**Data in this exercise**
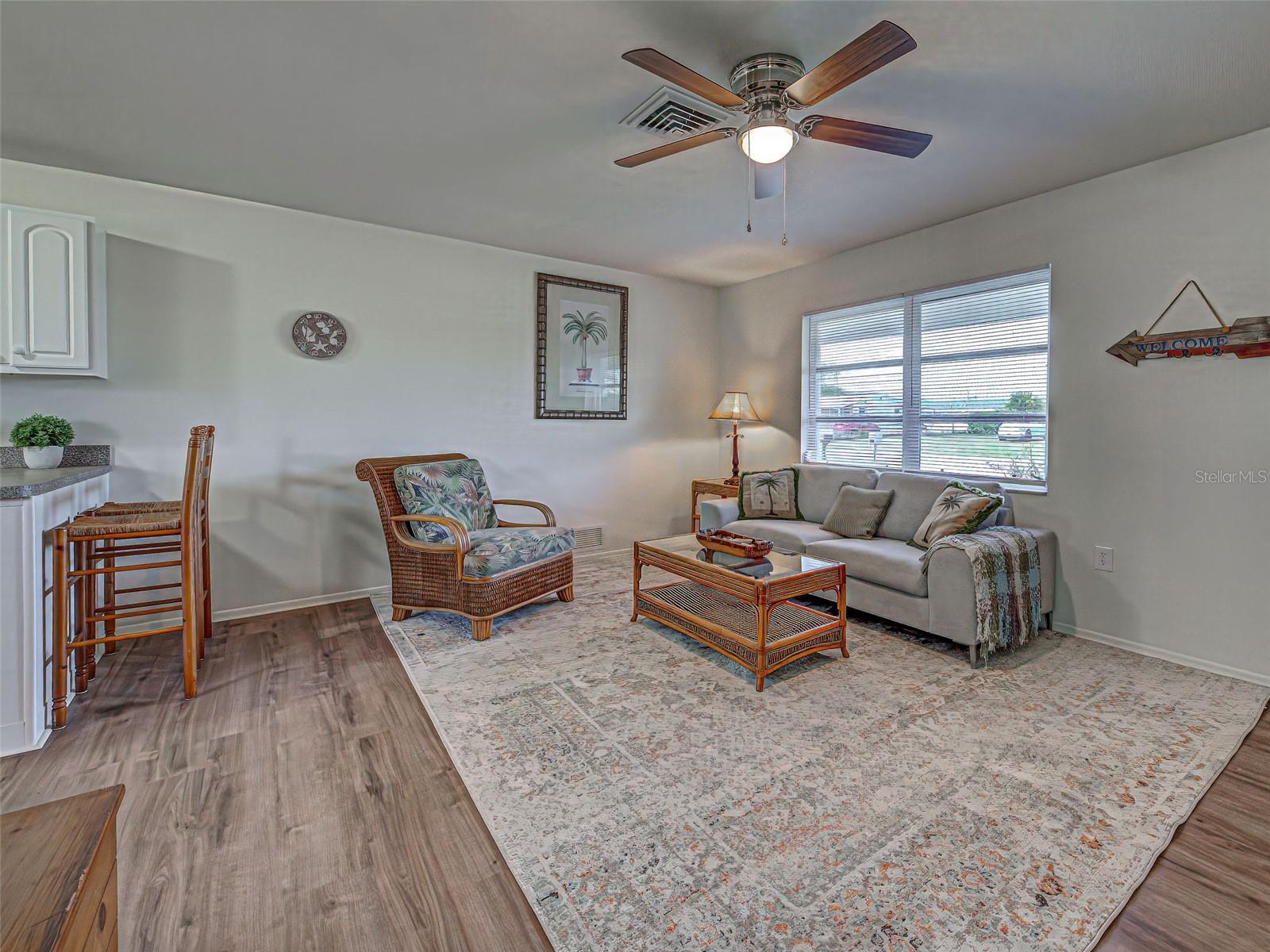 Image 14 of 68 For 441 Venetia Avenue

* * *

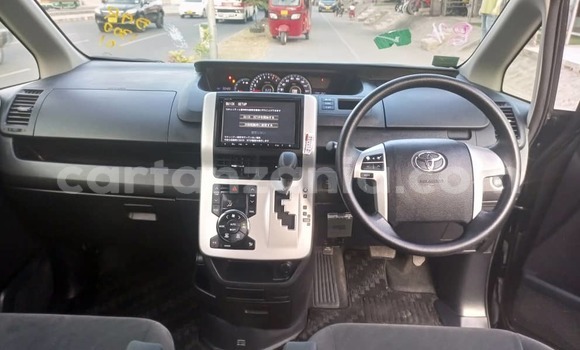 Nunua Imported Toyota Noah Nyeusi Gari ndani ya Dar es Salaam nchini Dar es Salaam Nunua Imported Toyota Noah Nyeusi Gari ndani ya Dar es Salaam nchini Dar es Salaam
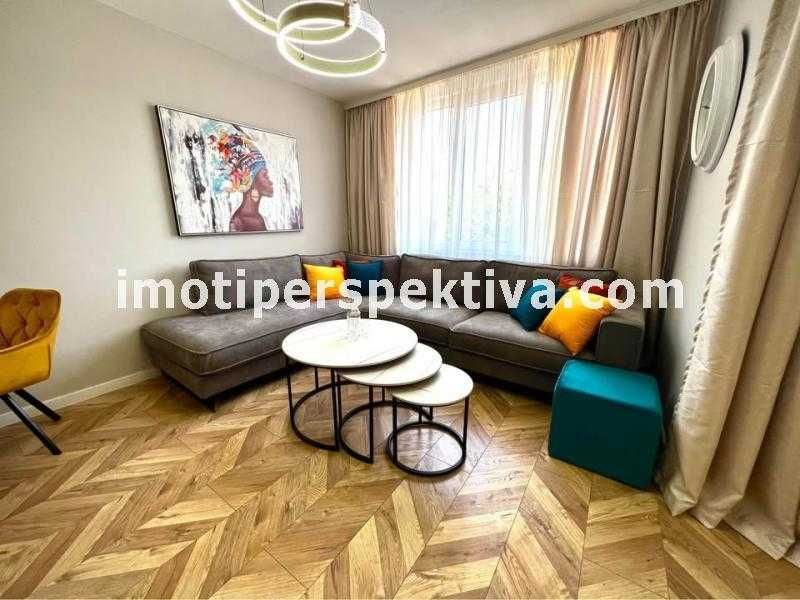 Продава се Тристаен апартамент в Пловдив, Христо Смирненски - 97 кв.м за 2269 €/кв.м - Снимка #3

==

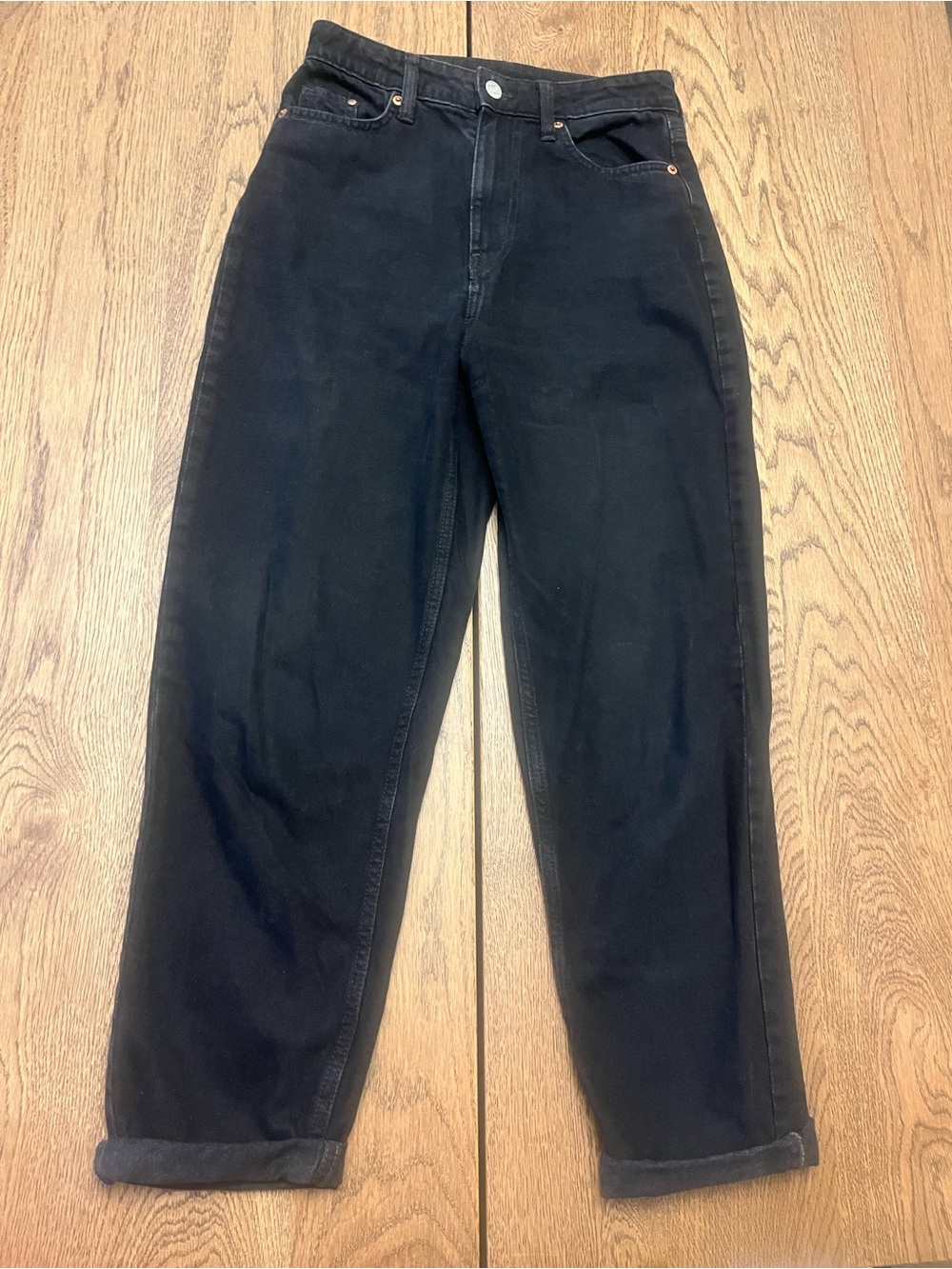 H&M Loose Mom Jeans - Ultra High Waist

**What you need to do**
Your reply is to be an exact repeat of the listing above from the line holding "es Salaam Nunua" down to the line holding "Продава се Тристаен", ends included, pictures excluded.

**Output below**
 Nunua Imported Toyota Noah Nyeusi Gari ndani ya Dar es Salaam nchini Dar es Salaam Nunua Imported Toyota Noah Nyeusi Gari ndani ya Dar es Salaam nchini Dar es Salaam
 Продава се Тристаен апартамент в Пловдив, Христо Смирненски - 97 кв.м за 2269 €/кв.м - Снимка #3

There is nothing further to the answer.